OCIC therefore fulfilled the terms of the insurance contract when it tendered the
amount articulated in the award and the cost of the repair to the HVAC system
to TMM, and the district court erred when it determined OCIC had breached the
insurance contract. Accordingly, the district court’s award of attorney’s fees and
prejudgment interest to TMM is also reversed. Because we hold that there was
no breach of contract, the issues raised in TMM’s cross-appeal are moot.
A.    Standard of Review and Applicable Law
      “We review a grant of summary judgment de novo, viewing all evidence in
the light most favorable to the nonmoving party and drawing all reasonable
inferences in that party’s favor.” Pierce v. Dep’t of the U.S. Air Force, 
512 F.3d 184
, 186 (5th Cir. 2007). “[S]ummary judgment is proper if the pleadings,
depositions, answers to interrogatories, and admissions on file, together with the
affidavits, if any, show that there is no genuine issue as to any material fact and
that the moving party is entitled to a judgment as a matter of law.” Celotex
Corp. v. Catrett, 
477 U.S. 317
, 322 (1986) (internal quotation marks omitted).
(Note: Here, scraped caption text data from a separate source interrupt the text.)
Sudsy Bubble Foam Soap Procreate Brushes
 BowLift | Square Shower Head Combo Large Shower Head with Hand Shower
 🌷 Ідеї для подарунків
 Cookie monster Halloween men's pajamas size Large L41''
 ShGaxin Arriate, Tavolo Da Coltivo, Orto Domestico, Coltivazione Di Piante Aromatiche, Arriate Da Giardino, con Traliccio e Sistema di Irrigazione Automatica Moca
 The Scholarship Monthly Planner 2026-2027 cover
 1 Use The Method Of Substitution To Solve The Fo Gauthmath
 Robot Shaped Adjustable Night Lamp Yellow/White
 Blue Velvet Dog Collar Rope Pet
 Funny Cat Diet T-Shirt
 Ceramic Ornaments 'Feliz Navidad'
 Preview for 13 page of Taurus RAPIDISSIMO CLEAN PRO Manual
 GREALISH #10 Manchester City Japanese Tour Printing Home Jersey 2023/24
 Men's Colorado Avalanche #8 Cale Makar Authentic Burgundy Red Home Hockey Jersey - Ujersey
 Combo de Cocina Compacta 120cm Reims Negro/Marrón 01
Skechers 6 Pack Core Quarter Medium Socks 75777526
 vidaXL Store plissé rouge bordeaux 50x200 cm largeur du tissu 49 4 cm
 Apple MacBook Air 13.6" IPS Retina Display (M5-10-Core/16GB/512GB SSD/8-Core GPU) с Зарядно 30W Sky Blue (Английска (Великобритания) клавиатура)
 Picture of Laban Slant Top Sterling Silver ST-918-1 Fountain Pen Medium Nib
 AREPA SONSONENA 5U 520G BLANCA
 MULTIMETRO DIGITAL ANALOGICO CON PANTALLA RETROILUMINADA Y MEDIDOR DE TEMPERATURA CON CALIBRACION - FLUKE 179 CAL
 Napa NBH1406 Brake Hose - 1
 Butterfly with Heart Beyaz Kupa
      Because this case was removed to federal court on diversity grounds,
Texas substantive law applies. See Erie R.R. Co. v. Tompkins, 
304 U.S. 64
,
78–80 (1938). “To determine issues of state law, we look to final decisions of the
state’s highest court, and when there is no ruling by that court, then we have the
duty to determine as best we can what the state’s highest court would decide.”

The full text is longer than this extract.